Back in Galveston, the fledgling food truck industry earlier this year met resistance from owners of brick-and-mortar restaurants, who argued they must endure heavy expense and regulation that mobile vendors don’t. And there were other issues. Before the new rules, food trucks were restricted to 61st Street and Seawall Boulevard. The new rules, expected to pave a smoother way for food trucks in Galveston, largely mirrored recommendations by an ad hoc committee made of restaurant owners, foodies and business owners.
Jenny Perez in March opened her Jenny From The Block food truck in Galveston, serving Puerto Rican and Latin fare. Perez launched her food truck, 2122 61st St., before the new ordinance took effect. She was forced to shut down briefly after city officials slapped a red tag on the truck because Perez had not secured permits, prompting outcry from islanders who welcome food trucks. Her complicated permit issues were sorted out, but it was a long, bumpy road.
While bureaucracy was a side dish on the island, the industry is all about the food. Sometimes, on weekends, you can catch Perez’s grandmother’s fried chicken. Her mother’s alcapurrias, if they aren’t sold out, have a permanent slot on the chalkboard.
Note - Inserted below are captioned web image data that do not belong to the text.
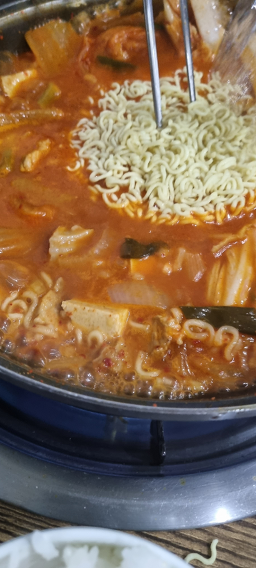 광주식당 사진 4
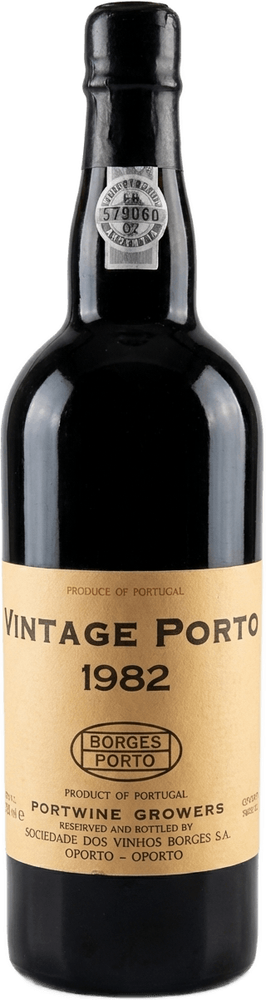 Vintage Port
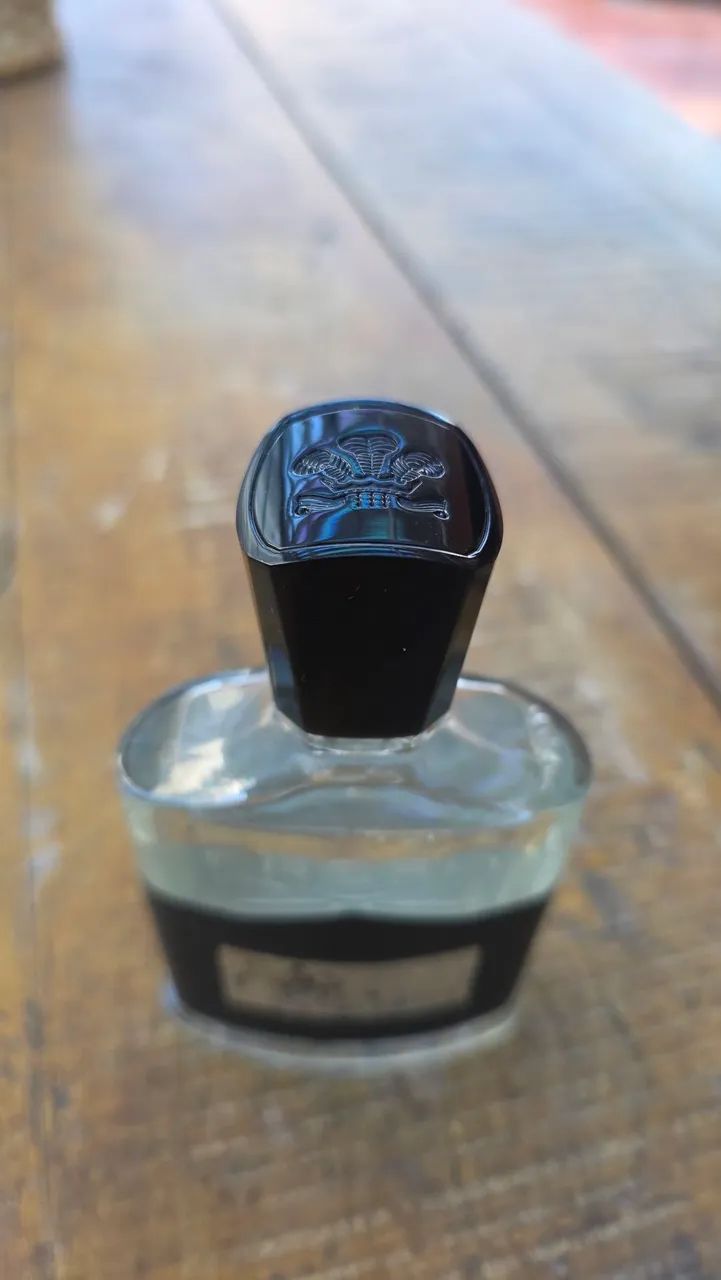 Perfume de nicho creed aventus 100mls  - Foto 3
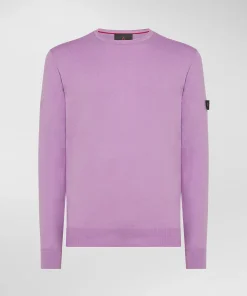Maglia soffice e leggera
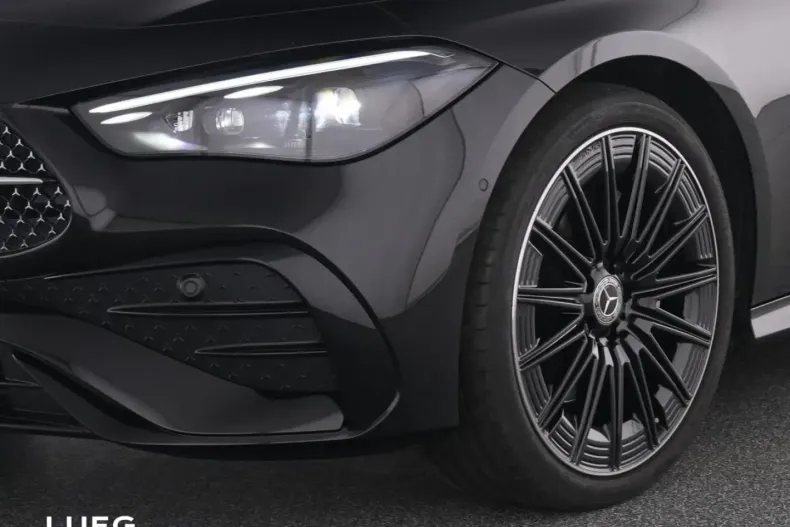 Mercedes-Benz CLE 200 (Clasa CLE) din 2024 cu 24.801 km - oferta MER185142 - foto 9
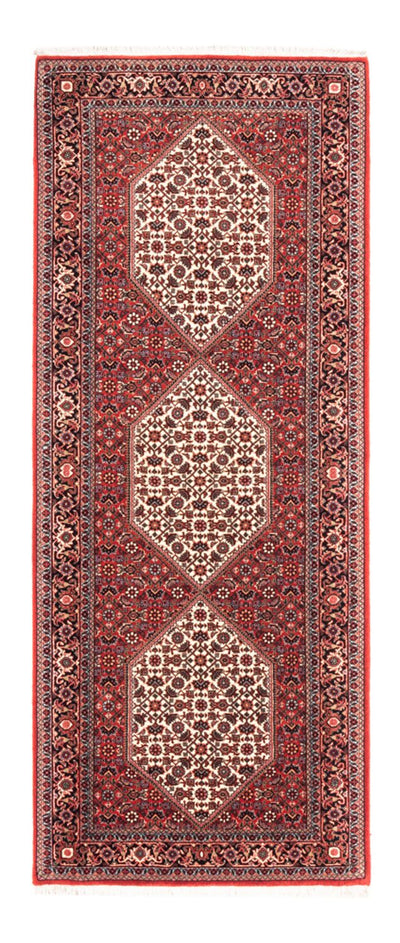 Bidjar - Takab Tappeto 80x196cm - Tappeto persiano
So does Perez’s spin on an American classic, the Bori Burger, which features plantains and a house-made dressing.
“The Bori in Bori Burger is a shortened version of boriqua, which is a slang term for a person from Puerto Rico,” she said.
A penchant for creative naming is one thing young food truckers have in common. Another is narrative. Like Perez, a former pastry chef, they leave steady jobs and hurl their life savings into workspaces the size of a common travel trailer.
Operating a food truck isn’t always a joy ride. There are early mornings and late nights, cuts and burns, prep work and swollen feet.
“It’s definitely not as glamorous as everybody thinks,” Jeff Antonelli, owner of Shrimp ‘N Stuff, said.
Antonelli operates two brick-and-mortar Shrimp ‘N Stuff restaurants on the island and several years ago launched a food truck in Jamaica Beach on the island’s West End. Jamaica Beach is not in Galveston city limits and wasn’t affected by Galveston’s old or new rules about food trucks.
Skeptics told Antonelli the concept wouldn’t work on the island.
He chose to listen to his children and Shrimp ‘N Stuff’s food truck cruised into Jamaica Beach.
“My children, who are in their 20s, think food trucks are the coolest thing, so we decided to go for it,” he said.
When, earlier this year, the Galveston City Council appointed an ad hoc committee and tasked it with making the rules concerning mobile concessions more clear, Antonelli joined up.
“What we were told to do was to take these really cumbersome regulations and make them user-friendly,” he said. “But of course, it got politicized into lots of things.”
Some traditional restaurant owners worried food truck competition would cut into their profits, a feeling Antonelli can sympathize with, but doesn’t completely understand, he said.
“They were worried it would cut into their business, which I tried to explain to them was not the case,” he said.
These days, the road ahead looks promising for food trucks in Galveston.
Mitchell Historic Properties, controlled by the family of the late oilman, developer and philanthropist George Mitchell, would like to use two properties it owns — 101 21st Street downtown and 2102 Seawall Blvd. — as food truck parks.